**DATASET EXTRACT**
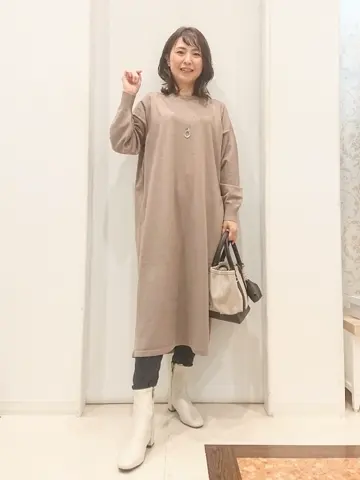 ANY 横田 コーディネート画像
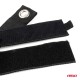 ΙΜΑΝΤΑΣ VELCRO ΓΙΑ ΣΤΗΡΙΞΗ ΠΡΟΙΟΝΤΩΝ ΣΕ ΠΟΡΤ ΜΠΑΓΚΑΖ 63X5cm ΣΕ ΜΑΥΡΟ ΧΡΩΜΑ  ΑMiO - 1 TEM. - Amio - 03284/AM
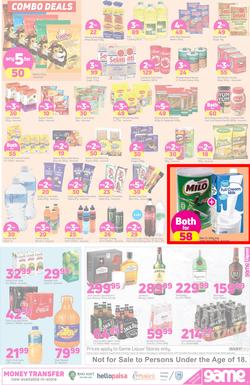 Game Cape Food : Whateva You Need (29 May - 4 June 2019), page 3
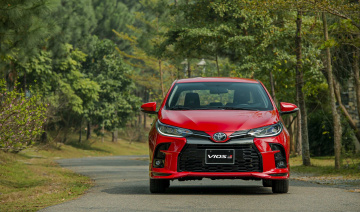 Mua Toyota Vios 2021 chỉ với 95 triệu đồng, tin được không?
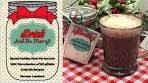 DRINK AND BE MERRY! RASPBERRY HOT COCOA MIX ...
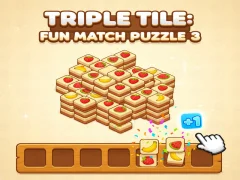 Triple Tile: Fun Match Puzzle 3 เกมออนไลน์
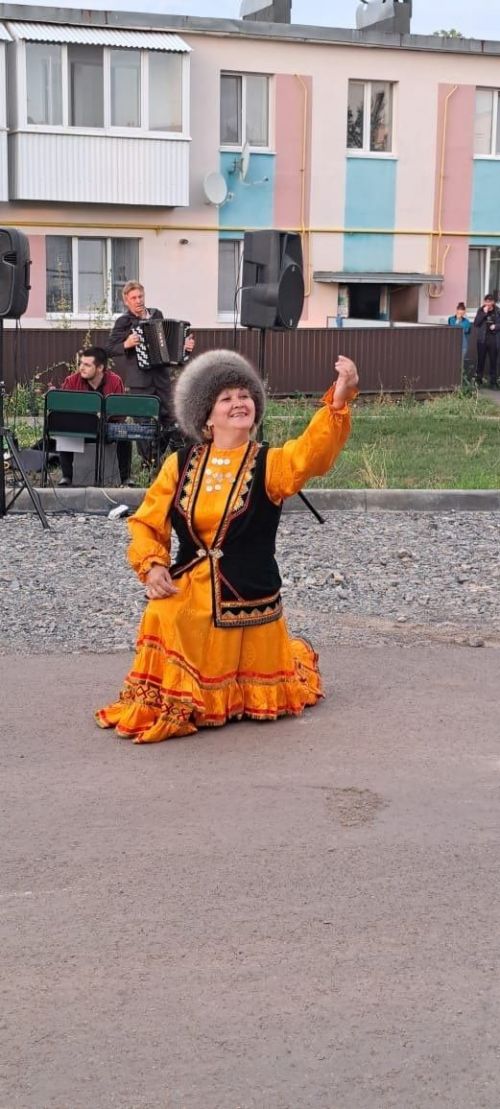 Сарманда Россия флагын зурладылар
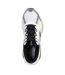 Baskets Motif/style Maille Monochrome Homme Blanc Vert Noir Skechers-4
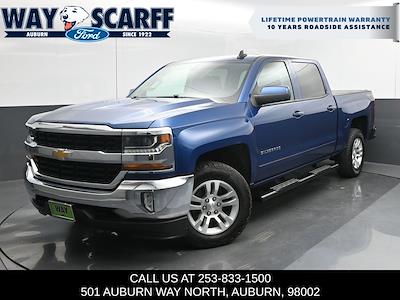2017 Chevrolet Silverado 1500 Crew Cab 4WD Pickup for sale #E30876 - photo 1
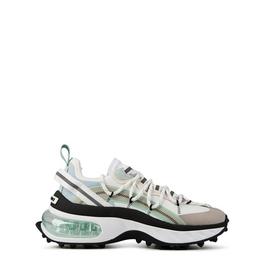 DSquared2 Ripstop Bubble Sneakers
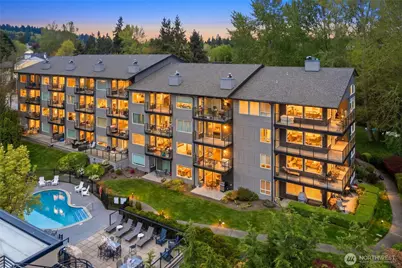 9201 NE Juanita Drive #202, Kirkland, WA 98034 - Photo 2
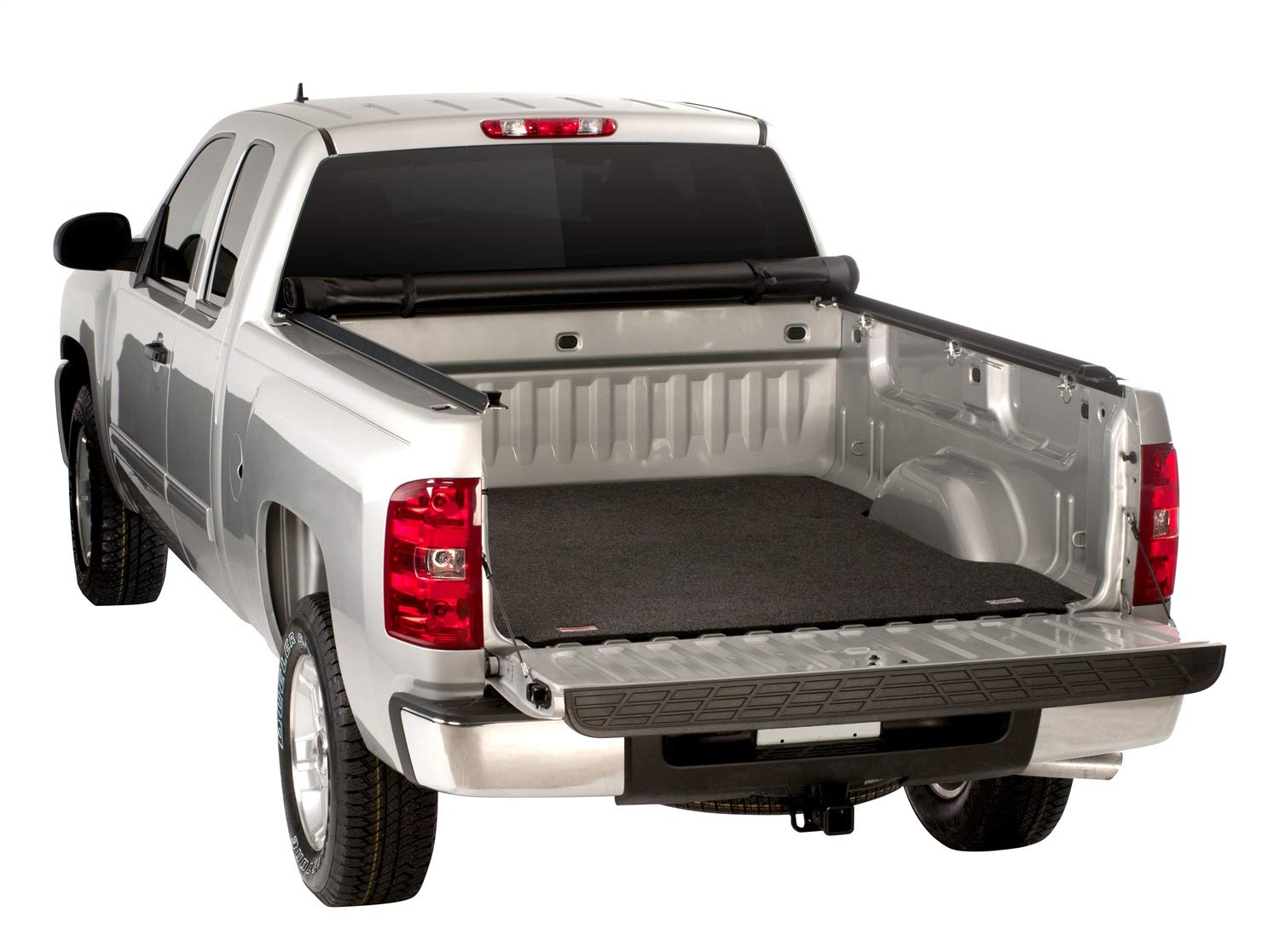 **25020439 Access Cover Truck Bed Mat - Durable & Non-Slip Protection for Pickup Trucks - Perfect for Hauling, Camping & Outdoor Adventures**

**WORK TO BE COMPLETED**
Pictures are to be left out; otherwise, copy exactly each line from the one containing "2017 Chevrolet Silverado" through the last line of the listing.

**ANSWER TO THE EXERCISE**
2017 Chevrolet Silverado 1500 Crew Cab 4WD Pickup for sale #E30876 - photo 1
 DSquared2 Ripstop Bubble Sneakers
 9201 NE Juanita Drive #202, Kirkland, WA 98034 - Photo 2
 **25020439 Access Cover Truck Bed Mat - Durable & Non-Slip Protection for Pickup Trucks - Perfect for Hauling, Camping & Outdoor Adventures**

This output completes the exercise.